Riferimento storico che consente di rilevare che, specie
alla luce del principio sancito dall’art. 24 Cost., il menzionato orientamento
giurisprudenziale che, - valido per il «segreto di ufficio» nell’ambito del
rapporto di pubblico impiego, appare ancor più condivisibile per i limiti
dell’obbligo di fedeltà nell’ambito del rapporto di lavoro privatistico – non
possa certo essere considerato eccessivamente “di tendenza”.
E, passando dal “riferimento storico” alla più recente
normativa di legge in materia di tutela della privacy (recte: «tutela
delle persone e di altri soggetti rispetto al trattamento dei dati personali» )
l’art. 12 della legge n. 675/1996 prevede espressamente che il consenso
dell’interessato per il “trattamento” di dati personali da parte di privati o
di enti pubblici economici non è richiesto quando detto “trattamento” sia
necessario «per far valere o difendere un diritto in sede giudiziale sempre che
i dati siano trattati esclusivamente per tali finalità e per il periodo
strettamente necessario al loro perseguimento». Ciò a definitiva convalida
della prevalenza del diritto di difesa in giudizio da riconoscersi al
prestatore di lavoro rispetto ad un’accezione
genericamente estesa dell’obbligo di fedeltà alla stregua del principio
costituzionale sancito dall’art. 24.
IV.E’, di
conseguenza, incorso in un decisivo errore il Tribunale di Ancona nel
circoscrivere illegittimamente il diritto di difesa nei confronti del Carotti
e, quindi, nel ritenere la produzione di copia dei documenti aziendali (da
questi effettuata nell’ambito della linea difensiva perseguita) passibile della
grave sanzione del licenziamento: decisone assunta in base ad un’errata
applicazione dell’art. 2119 cod. civ. e degli artt. 1 e 3 della legge n.

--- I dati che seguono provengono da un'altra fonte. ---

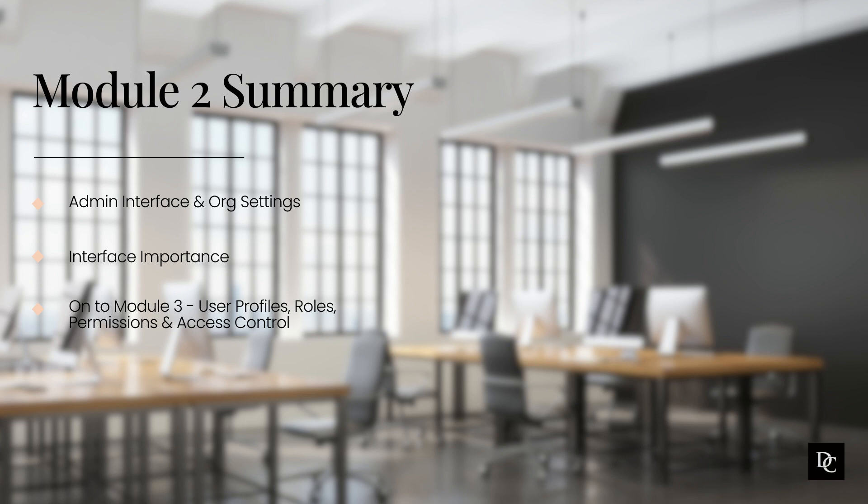Thank you for completing Module 2. In Module 3, we will discuss user profiles, roles, permissions, and access control. See you there.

604/1966, poiché non sussistevano ab imis i presupposti per l’adozione
di un provvedimento disciplinare (in generale e specie) espulsivo.
Al riguardo la valutazione sulla gravità dell’infrazione –
in particolare quando si tratti di giudizio di merito applicativo di “norme
elastiche”- è soggetta sicuramente a controllo di legittimità al pari di ogni
altro giudizio fondato su qualsiasi norma di legge; in adesione così
all’orientamento giurisprudenziale di cui alle sentenze di questa Corte nn.
1514/1998 e 434/1999, non ritenendo condivisibile il contrario indirizzo
espresso nelle sentenze nn. 2616/1990 e 154/1997 in quanto, nell’esprimere il
giudizio di valore necessario per integrare una norma elastica (che, per la sua
stessa struttura, si limita ad indicare un parametro generale), il giudice di
merito compie un’attività di interpretazione giuridica e non meramente fattuale
della norma stessa, per cui dà concretezza a quella parte mobile (elastica)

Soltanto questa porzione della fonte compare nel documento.